A Receita informou também que encaminhou 67 representações fiscais para fins penais ao Ministério Público Federal e já está preparando 140 para enviar em 2018. “Por fim, aproximadamente 800 procedimentos de fiscalização deverão ser
encerrados em 2017, com expectativa de autuações de mais de R$ 4 bilhões”, declarou o órgão, sem especificar os motivos que levam o secretário Jorge Rachid atuar contra o auditor Kleber Cabral.
O outro lado
Apesar do apoio às denúncias do presidente da Unafisco, Kleber Cabral, críticos ao comportamento dos auditores fiscais da Receita, “classe que chegou a defender autonomia administrativa e financeira do Poder Executivo”, relatam que é um perigo ampliar o poder da categoria, para evitar abrir espaços para abusos de autoridade. Para essas pessoas, que não quiseram se identificar, Cabral faz parte da ala conservadora da Receita. “Ele acha que o Rachid tem que endurecer com os demais servidores e dar todas as prerrogativas e poderes aos auditores, além do bônus de eficiência, que ele também acha que tem que ser só para auditor. Ele chama analista de auxiliar de auditor”, reclamam.

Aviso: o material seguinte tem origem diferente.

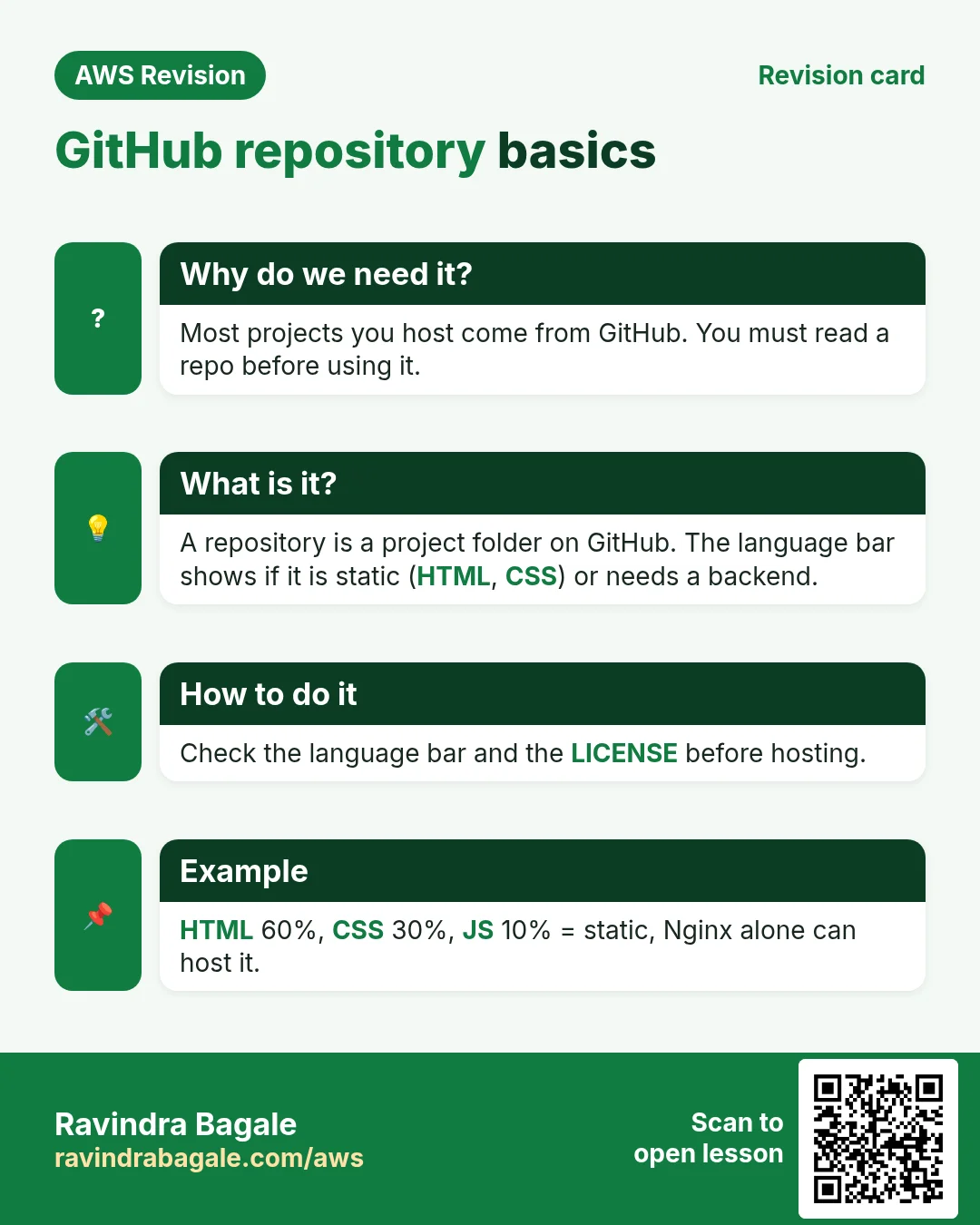 Revision card: GitHub repository basics. Most projects you host come from GitHub. You must read a repo before using it. A repository is a project folder on GitHub. The language bar shows if it is static (HTML, CSS) or needs a backend. Check the language bar and the LICENSE before hosting. HTML 60%, CSS 30%, JS 10% = static, Nginx alone can host it.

Segundo Waltoedson Dourado, do Sindifisco-DF, há controles internos que não permitem exageros. Em 2016, por exemplo, foram aplicadas 78 penalidades a servidores do Fisco. Destas, 66 foram expulsórias – entre elas 44 por corrupção. “A Corregedoria da Receita tem equipe treinada para comprovação de excessos ou ilícitos penais. É uma das mais eficientes do mundo”, disse Dourado. Além disso, externamente, há controle do Tribunal de Contas da União (TCU), da Controladoria-Geral da União (CGU) e do Ministério Público Federal (MPF), relatou Dourado. Para Kleber Cabral, a discussão não é sobre poder. “Todos os acessos ao sistema são controlados. E deve ser mesmo dessa forma. Agora o que se quer é uma fiscalização efetiva para qualquer um de nós, inclusive para as celebridades”, defendeu-se Cabral.